Here’s an excerpt from the title song Another Brick In The Wall, Part 1

While some might argue that the metaphor is incredibly tricky, I believe that it’s the very opposite. If anything, the main idea of the “wall” is quite simple. In the physical world, a wall is simply a collection of material that is used as a partition to separate two or more things. The metaphor of the wall in the album and in life holds to this definition. Because life is so daunting at times, we all have a tendency to distance ourselves from it. Television takes our minds off it, alcohol dulls it, drugs alter the reality of it; in each example, we use everything at our disposal to prevent us from truly connecting with our feelings, from fully experiencing life as both good and bad. As a society, and equally as humans, we have been conditioned to distance ourselves from pain, even if that pain helps us in the long run. As a result, we create metaphorical bricks in our minds for every disturbing situation in an attempt to distance ourselves from being hurt again, from feeling raw and vulnerable. Over time, our personal walls in our minds grow higher and we become more cynical, more jaded towards life and our connections with it. In a sense, every brick is another defense mechanism, something that dulls the pain of a bad situation and disconnects us from ever having to feel that way again. Simply put, the metaphorical wall is nothing more than its real counterpart: a collection of bricks that separate us from something else. Just as the walls of your house protect you from the environment (both rain and sunshine, the good and bad), the mental walls we erect protect us from being completely vulnerable to Life (once again, both the good and bad).
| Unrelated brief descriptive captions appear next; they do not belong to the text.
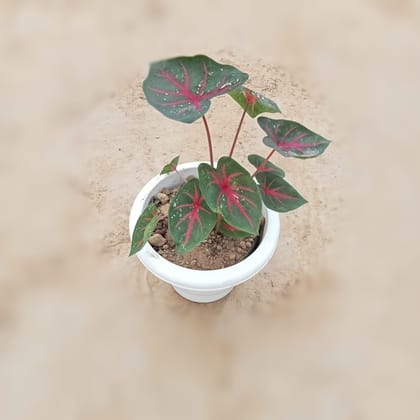 Buy Caladium in 8 Inch Classy White Plastic Pot Online | Urvann.com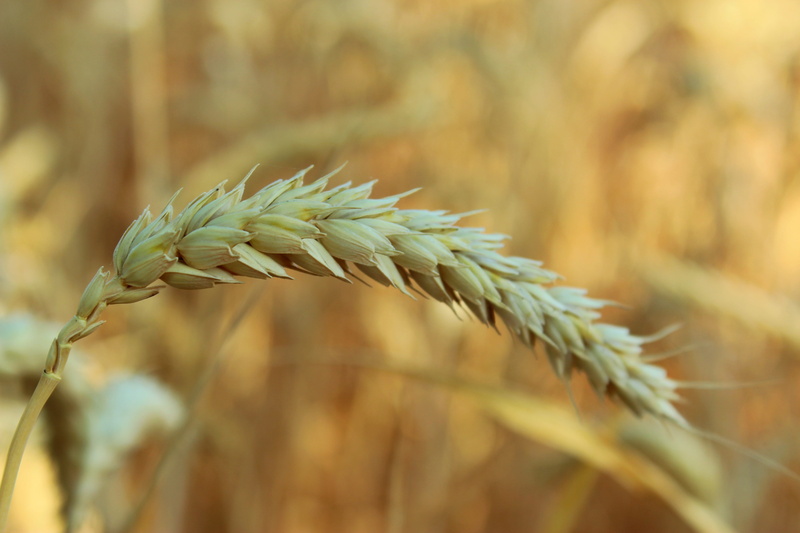wheat, stalk, rural scene, no people, beauty in nature, landscape, day, nature, outdoors, farm, focus on foreground, 5K, northern germany, flour, plant stem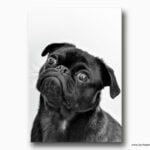 Siyah Pug Köpek Kanvas Tablo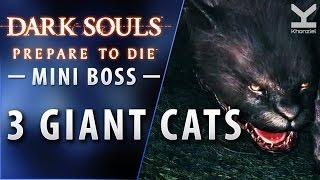 Dark Souls - Miniboss - 3 Giant Cats - Darkroot Garden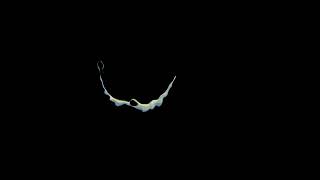 Houdini rtvfx 5 rendered 4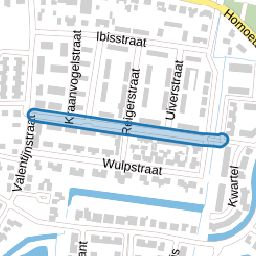 Lepelaarstraat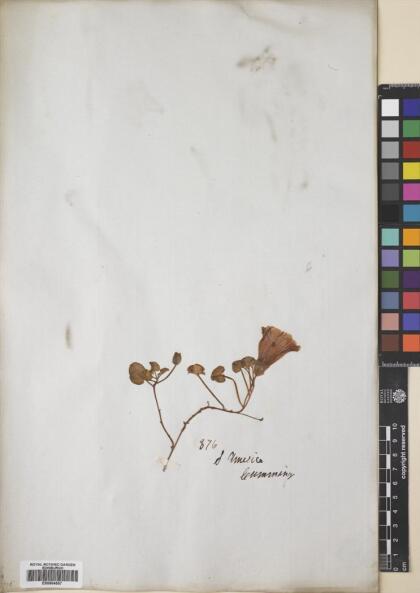 Calystegia soldanella [Espécimen: ]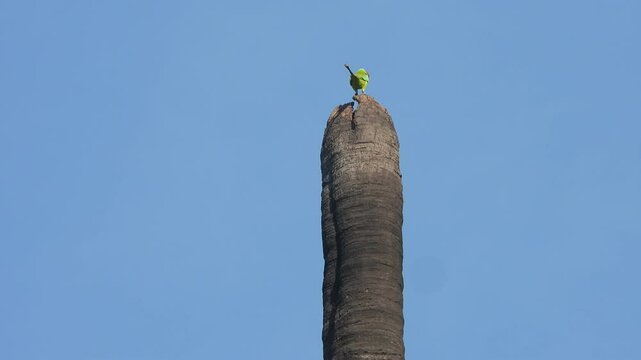Parrot relaxing on tree .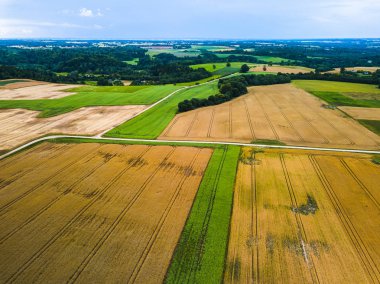 Sonbahar hava üstten görünüm alanları tarlada hasat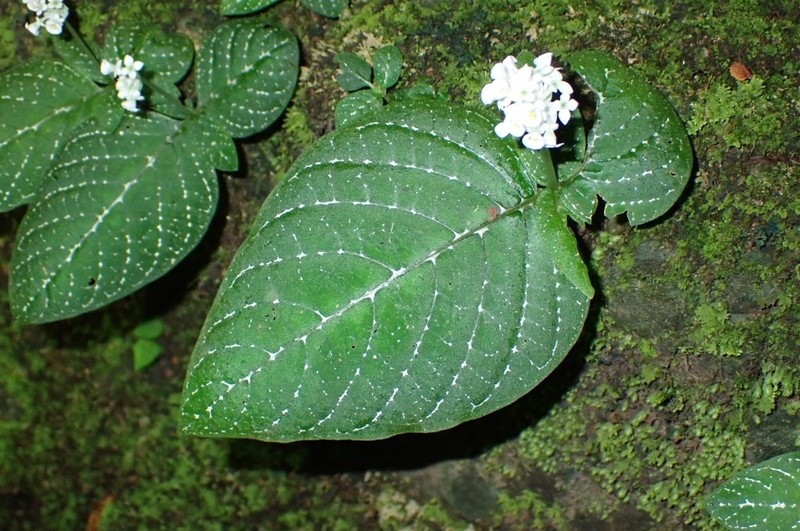 Argostemma pictum photo 8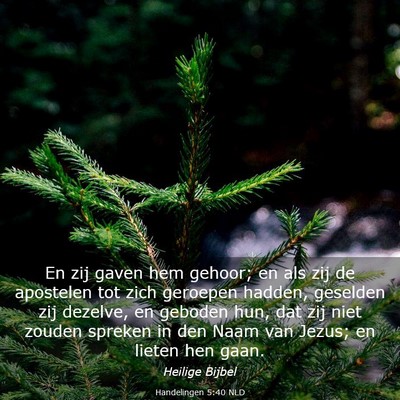 Picture 03 - Handelingen 5:40 NLD - En zij gaven hem gehoor; en als zij de apostelen - Bible Verse Picture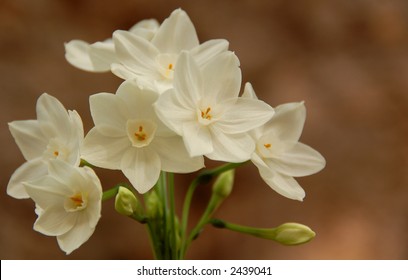 Paperwhite Narcissus Papyraceus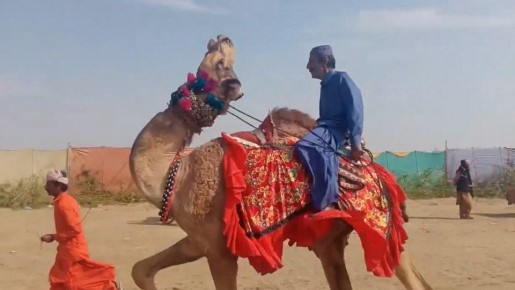 � ���������� ������ �������� ������ �������� ��������� � ����� ������� ������� ������ �����������, ����� ������������ �������� � ��������������� ��������, � ����� �������� ����� �� ����������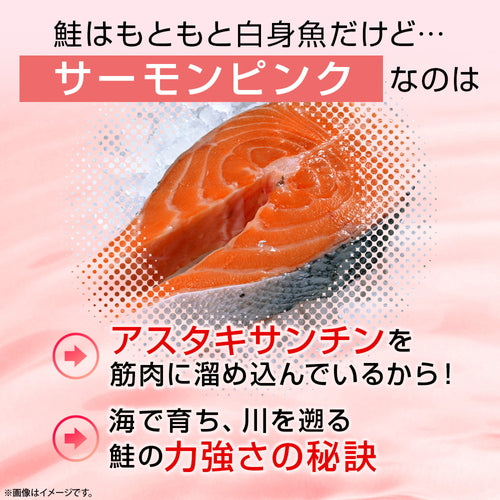 アスタキサンチン&ビタミンE 180粒 (#40)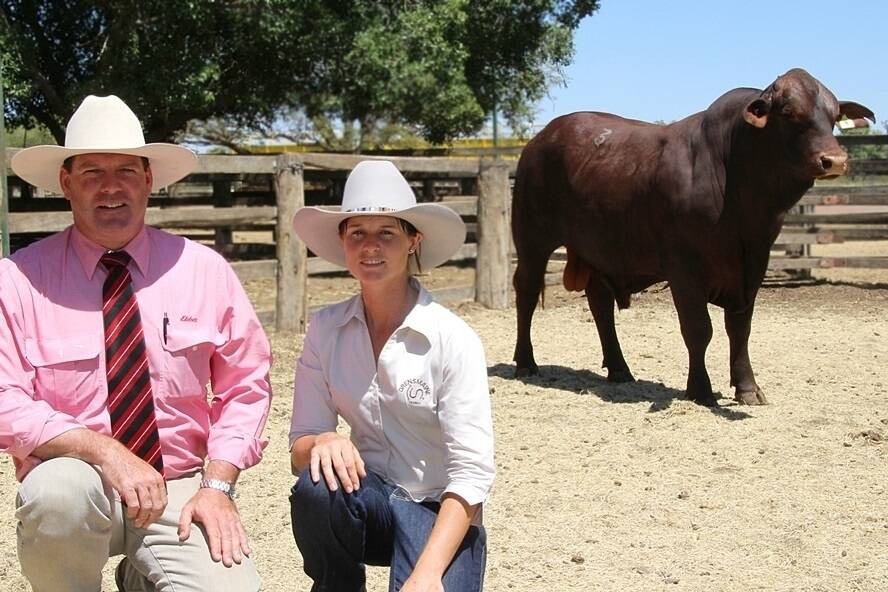Elders auctioneer, Michael Smith and Drensmaine Santa Gertrudis stud groom, Katie Cann relax after the Barcoo Breeders sale with the $12,000 star of the Barcoo Breeders show, Drensmaine Beacon.
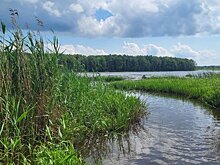 В Удмуртии разрабатывают маршрут для сплава в природном парке «Усть-Бельск»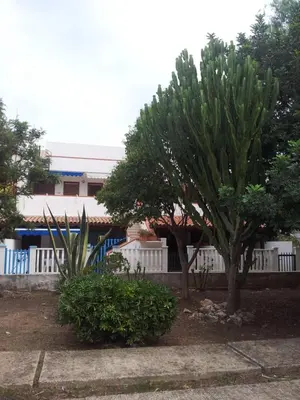 a tree and bushes in front of a building at HOME HOLIDAY PINO&FABIANA in San Vito lo Capo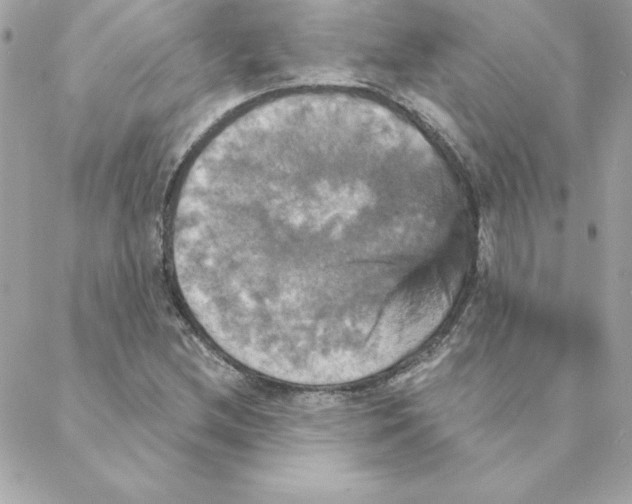 X0000088201212200706051223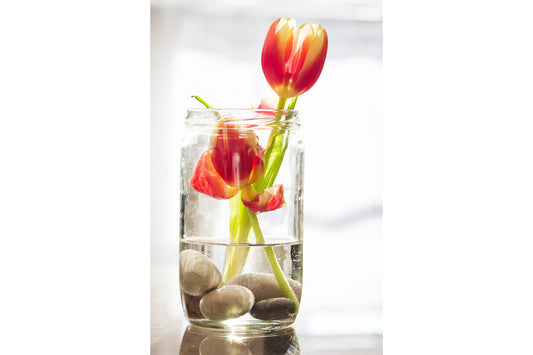 Orange Tulip Flowers In Water Jar Flower Canvas Art Wall Picture Or Gloss Print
Rumi’s said something similar…

“Your task is not to seek for love, but merely to seek and find all the barriers within yourself that you have built against it.”

Jalal ad-Din Rumi quotes


About escapism through distractions, Einstein hasn’t even left out art and science…!

“…one of the strongest motives that lead men to art and science is escape from everyday life with its painful crudity and hopeless dreariness, from the fetters of one’s own ever-shifting desires. A finely tempered nature longs to escape from the personal life into the world of objective perception and thought.” – Einstein

The below is IMO Einstein’s all time greatest quote… 🙂

“A human being is a part of a whole, called by us ‘universe’, a part limited in time and space. He experiences himself, his thoughts and feelings as something separated from the rest… a kind of optical delusion of his consciousness. This delusion is a kind of prison for us, restricting us to our personal desires and to affection for a few persons nearest to us. Our task must be to free ourselves from this prison by widening our circle of compassion to embrace all living creatures and the whole of nature in its beauty.”

Its a scientific truth – but only Einstein’s truth. As he says “Our task must be…” – so its up to every individual person to discover it for himself/herself and make it his/her own truth.

Btw if you look at the analysis of the lyrics of Pink Floyd – when Einstein says “This delusion is a kind of prison for us” – dosen’t it sound like nothing but “The Wall” that Pink Floyd refers to… and again that’s Pink Floyd’s own truth…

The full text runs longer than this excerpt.